• [TASK TO COMPLETE]
Starting at the first line of the material below, retype each line exactly until you reach the line with "collier met hanger", which is also included; pictures stay out.

• [LISTED ENTRIES]

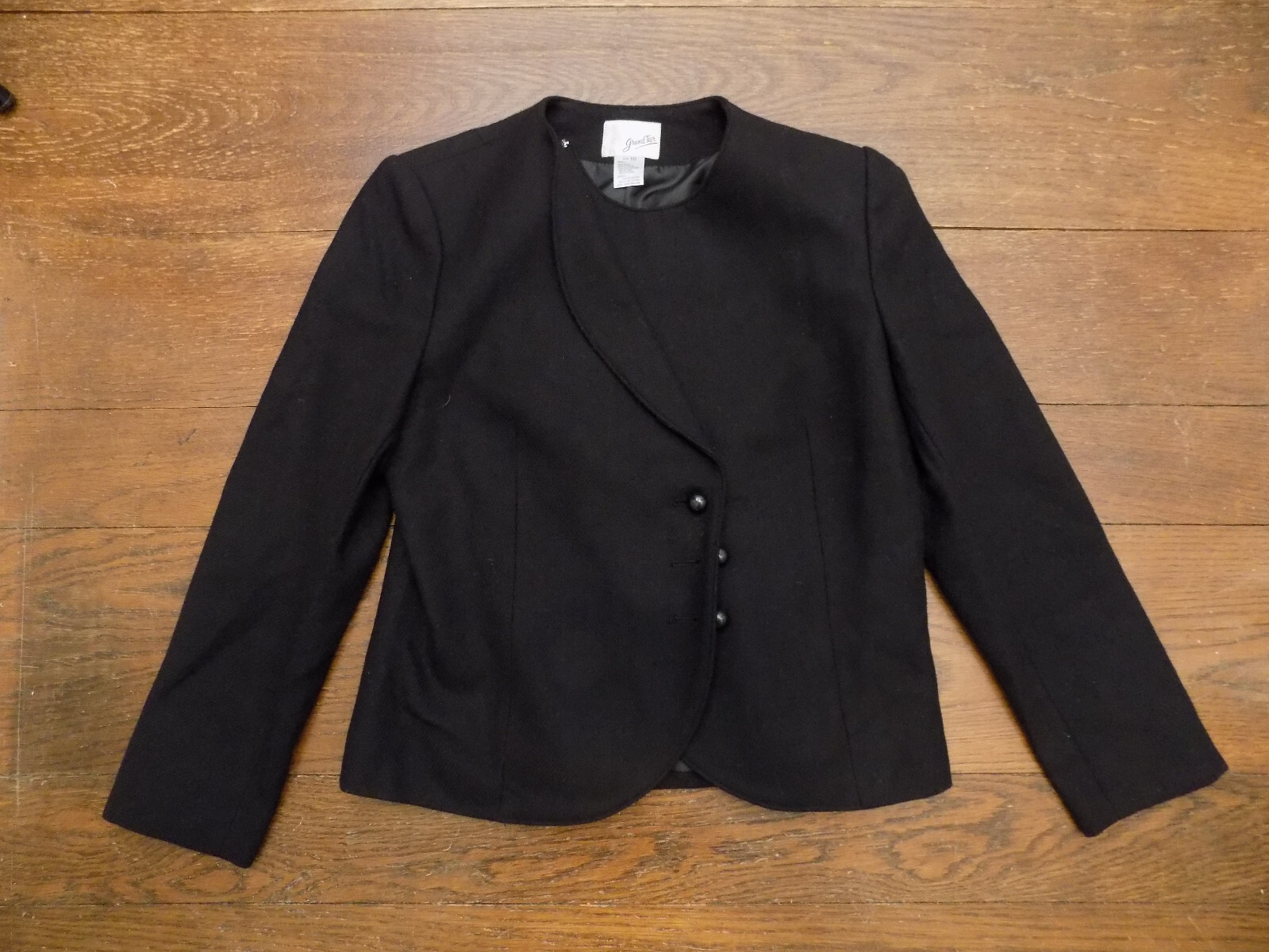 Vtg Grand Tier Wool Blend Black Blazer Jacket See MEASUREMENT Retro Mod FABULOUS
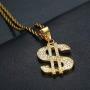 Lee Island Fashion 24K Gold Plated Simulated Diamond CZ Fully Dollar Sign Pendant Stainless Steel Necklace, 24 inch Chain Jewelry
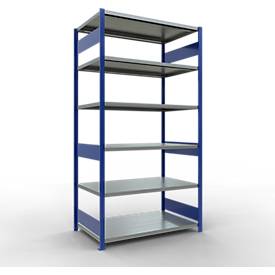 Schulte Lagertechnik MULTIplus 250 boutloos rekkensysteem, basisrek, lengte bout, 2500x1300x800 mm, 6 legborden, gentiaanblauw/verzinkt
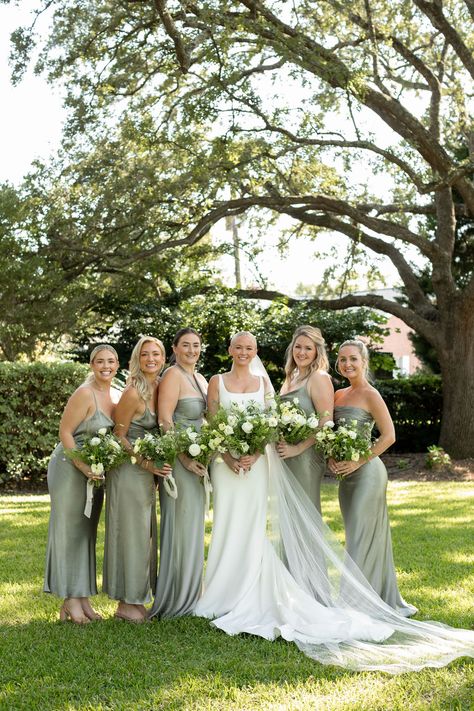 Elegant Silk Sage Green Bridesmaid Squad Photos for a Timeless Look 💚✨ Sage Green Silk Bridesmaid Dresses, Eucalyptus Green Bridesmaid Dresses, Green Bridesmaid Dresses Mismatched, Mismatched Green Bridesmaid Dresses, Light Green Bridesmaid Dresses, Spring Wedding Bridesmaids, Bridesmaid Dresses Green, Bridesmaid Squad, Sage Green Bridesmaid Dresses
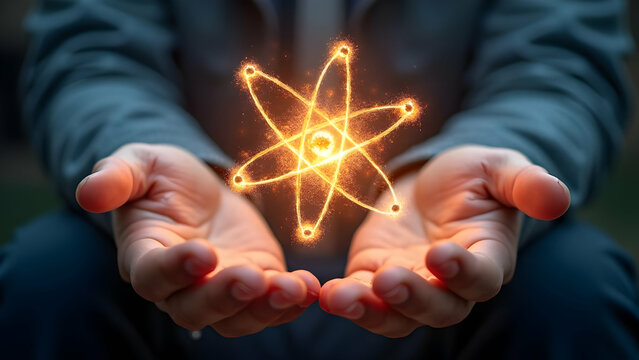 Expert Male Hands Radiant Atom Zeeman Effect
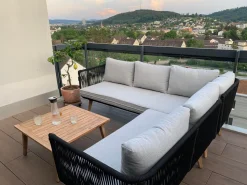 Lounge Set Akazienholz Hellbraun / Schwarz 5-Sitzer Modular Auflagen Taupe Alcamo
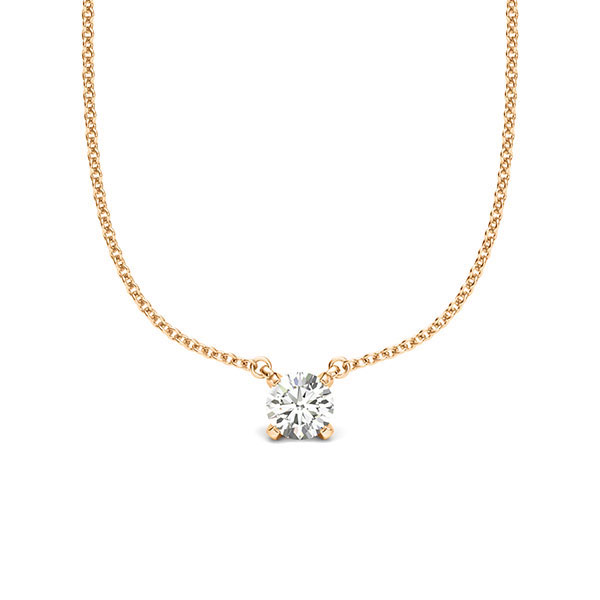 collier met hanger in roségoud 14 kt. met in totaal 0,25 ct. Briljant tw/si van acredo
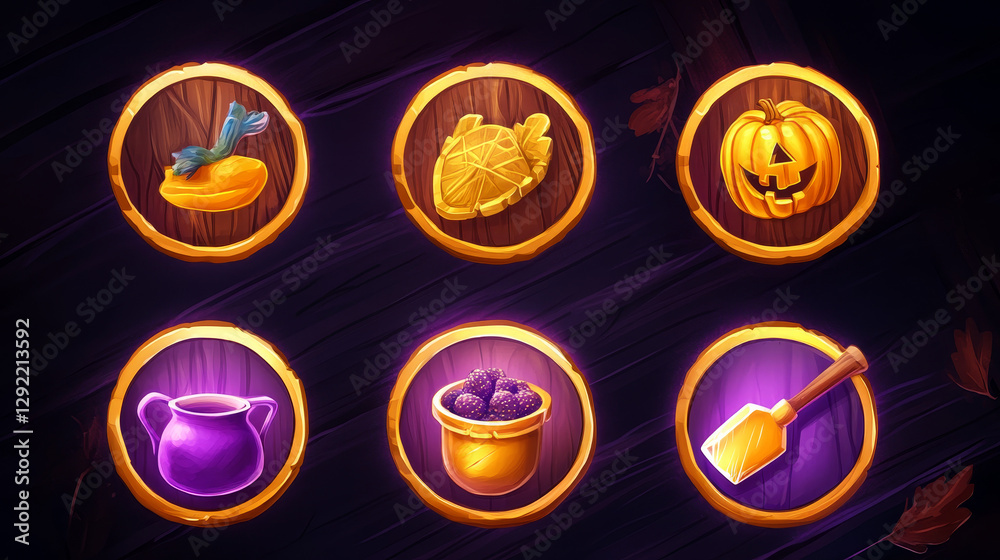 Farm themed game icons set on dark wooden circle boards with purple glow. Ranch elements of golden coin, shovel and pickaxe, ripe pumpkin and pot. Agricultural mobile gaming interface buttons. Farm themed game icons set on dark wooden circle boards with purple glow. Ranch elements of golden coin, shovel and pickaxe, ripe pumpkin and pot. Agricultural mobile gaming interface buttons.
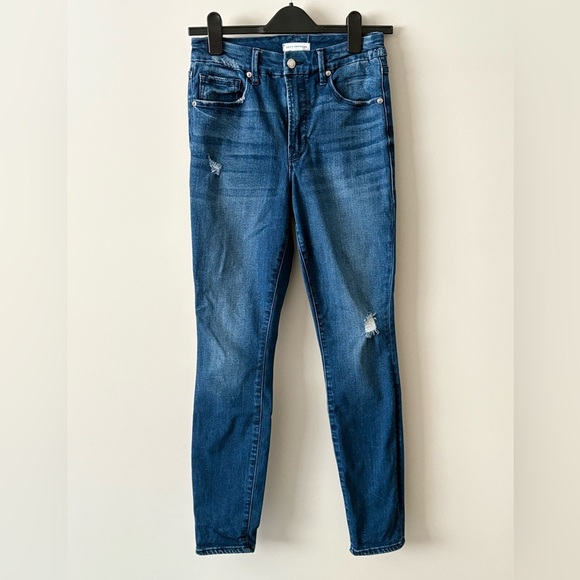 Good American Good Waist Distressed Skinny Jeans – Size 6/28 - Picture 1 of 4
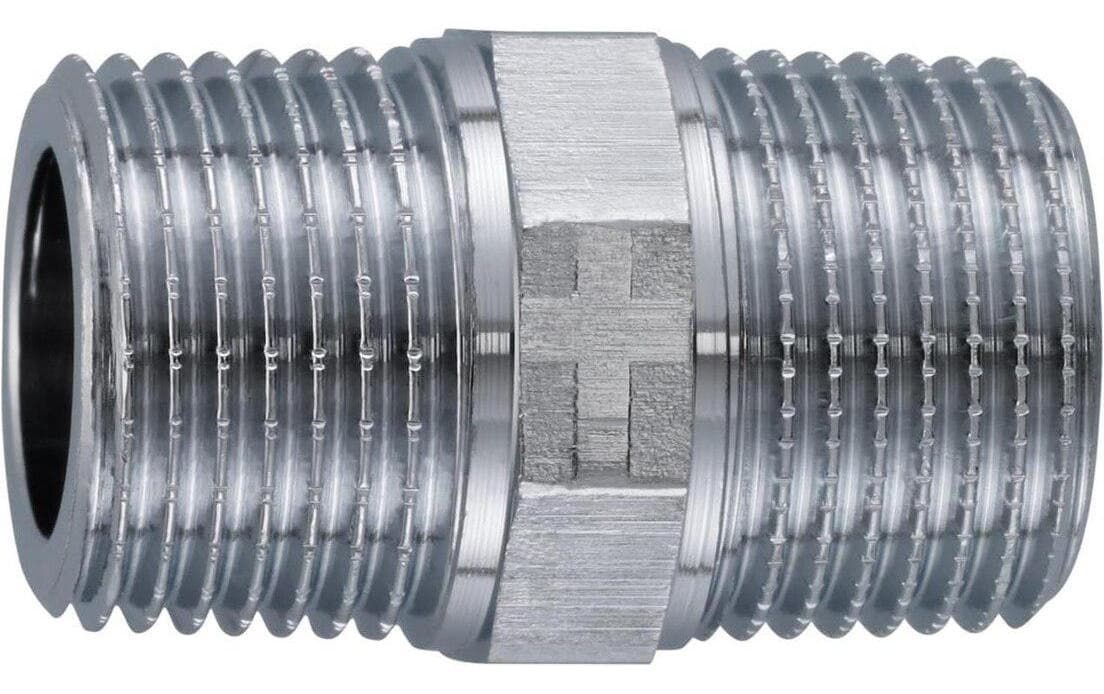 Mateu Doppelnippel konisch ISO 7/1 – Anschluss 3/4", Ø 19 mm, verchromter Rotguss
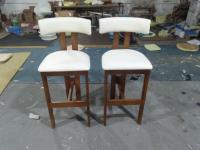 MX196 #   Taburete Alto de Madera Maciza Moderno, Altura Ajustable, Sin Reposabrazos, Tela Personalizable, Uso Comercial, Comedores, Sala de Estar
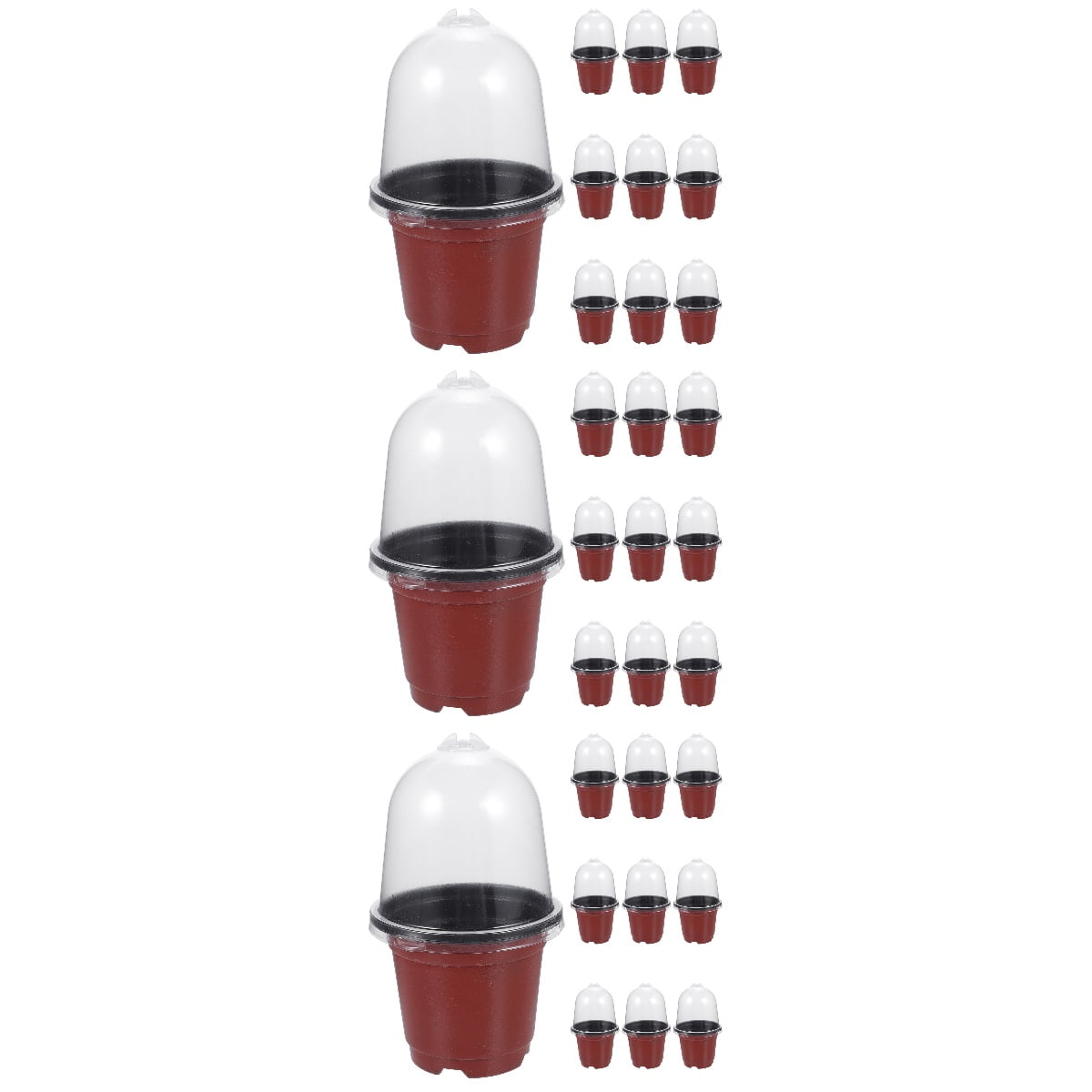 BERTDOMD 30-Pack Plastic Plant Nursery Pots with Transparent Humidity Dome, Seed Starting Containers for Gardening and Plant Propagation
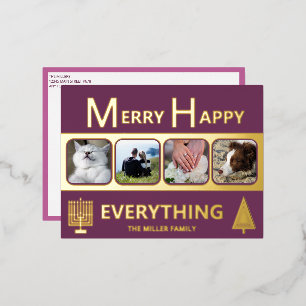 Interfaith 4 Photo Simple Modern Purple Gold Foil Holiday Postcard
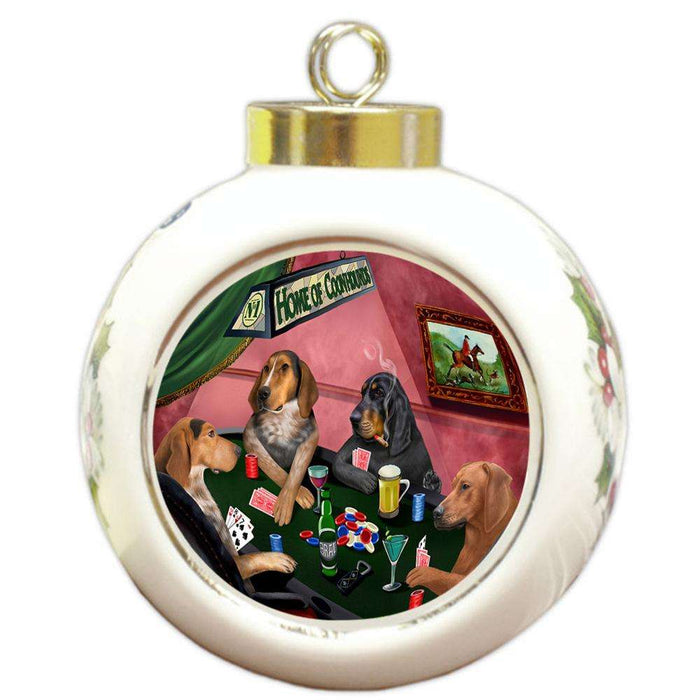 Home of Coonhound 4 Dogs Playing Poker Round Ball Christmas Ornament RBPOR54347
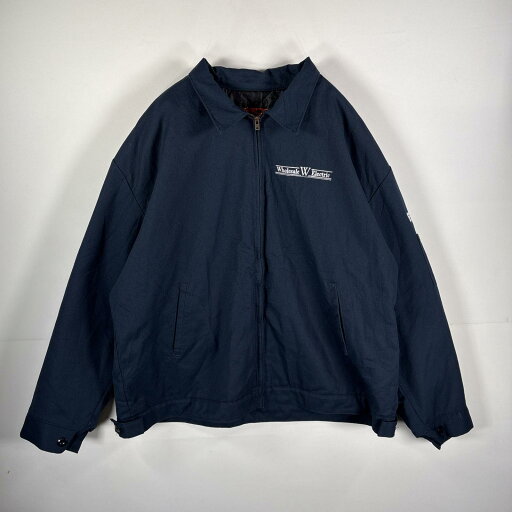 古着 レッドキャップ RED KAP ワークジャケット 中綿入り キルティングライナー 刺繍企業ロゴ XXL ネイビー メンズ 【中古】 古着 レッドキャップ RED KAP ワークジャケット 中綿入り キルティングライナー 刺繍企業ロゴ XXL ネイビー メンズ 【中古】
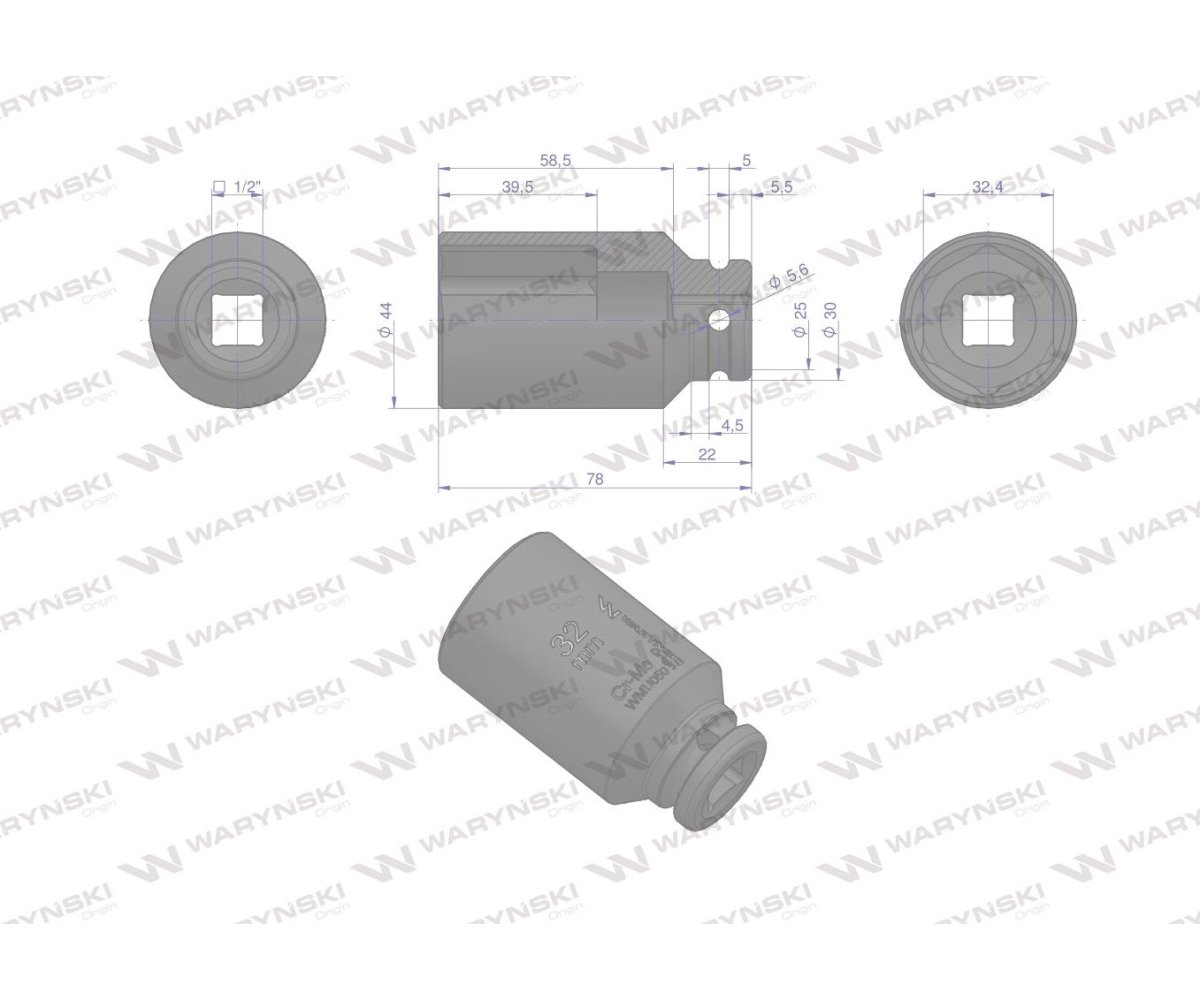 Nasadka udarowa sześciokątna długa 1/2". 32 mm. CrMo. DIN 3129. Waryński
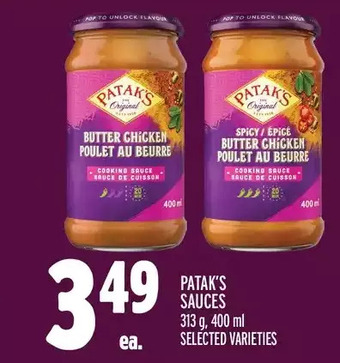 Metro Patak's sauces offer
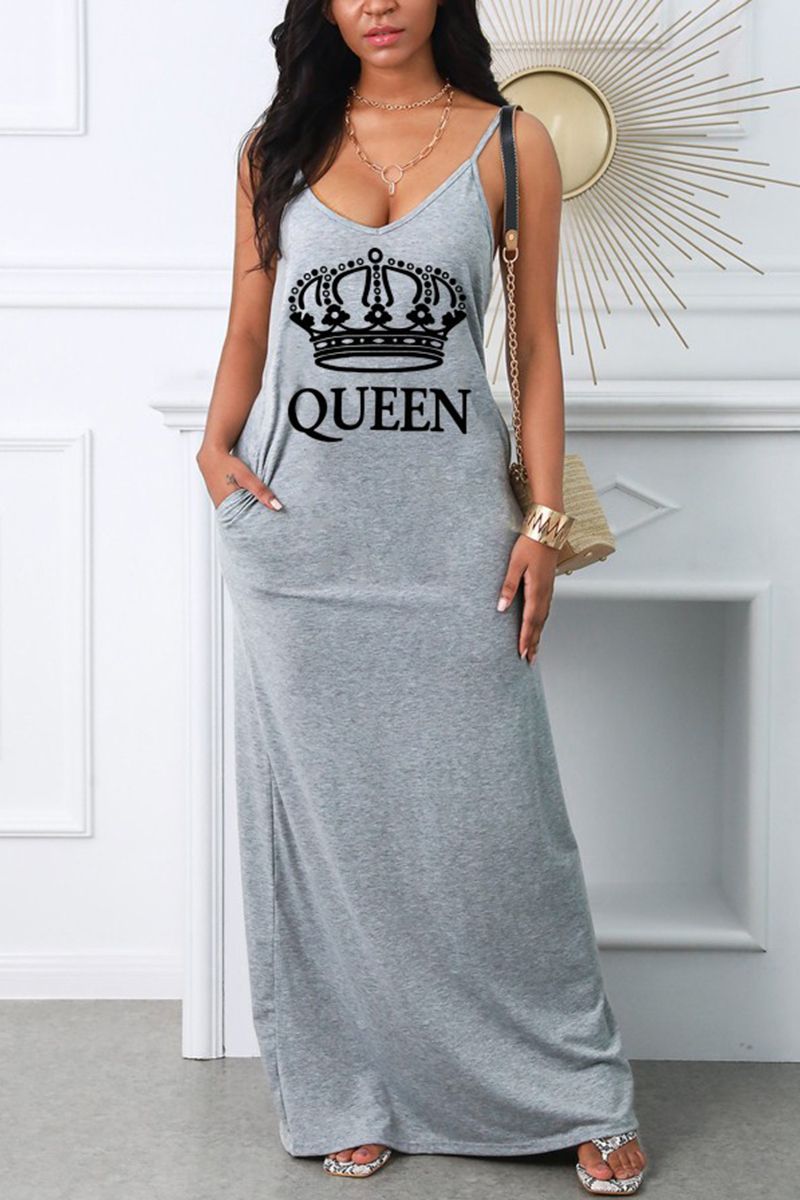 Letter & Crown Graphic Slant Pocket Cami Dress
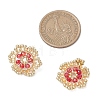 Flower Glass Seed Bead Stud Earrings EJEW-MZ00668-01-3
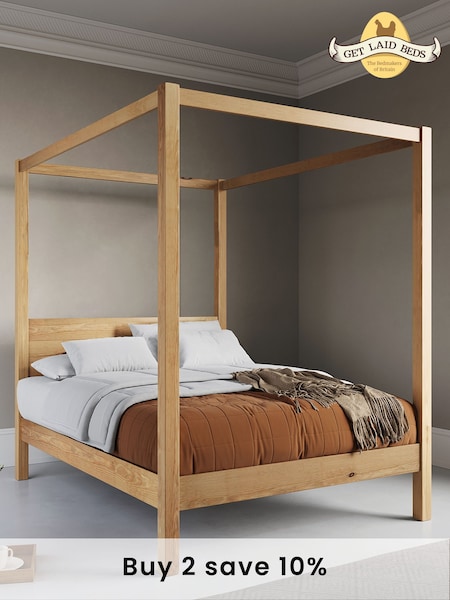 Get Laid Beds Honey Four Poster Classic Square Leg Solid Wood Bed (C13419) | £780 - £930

• [RESPONSE TO THE TASK]
 Vtg Grand Tier Wool Blend Black Blazer Jacket See MEASUREMENT Retro Mod FABULOUS
 Lee Island Fashion 24K Gold Plated Simulated Diamond CZ Fully Dollar Sign Pendant Stainless Steel Necklace, 24 inch Chain Jewelry
 Schulte Lagertechnik MULTIplus 250 boutloos rekkensysteem, basisrek, lengte bout, 2500x1300x800 mm, 6 legborden, gentiaanblauw/verzinkt
 Elegant Silk Sage Green Bridesmaid Squad Photos for a Timeless Look 💚✨ Sage Green Silk Bridesmaid Dresses, Eucalyptus Green Bridesmaid Dresses, Green Bridesmaid Dresses Mismatched, Mismatched Green Bridesmaid Dresses, Light Green Bridesmaid Dresses, Spring Wedding Bridesmaids, Bridesmaid Dresses Green, Bridesmaid Squad, Sage Green Bridesmaid Dresses
 Expert Male Hands Radiant Atom Zeeman Effect
 Lounge Set Akazienholz Hellbraun / Schwarz 5-Sitzer Modular Auflagen Taupe Alcamo
 collier met hanger in roségoud 14 kt. met in totaal 0,25 ct. Briljant tw/si van acredo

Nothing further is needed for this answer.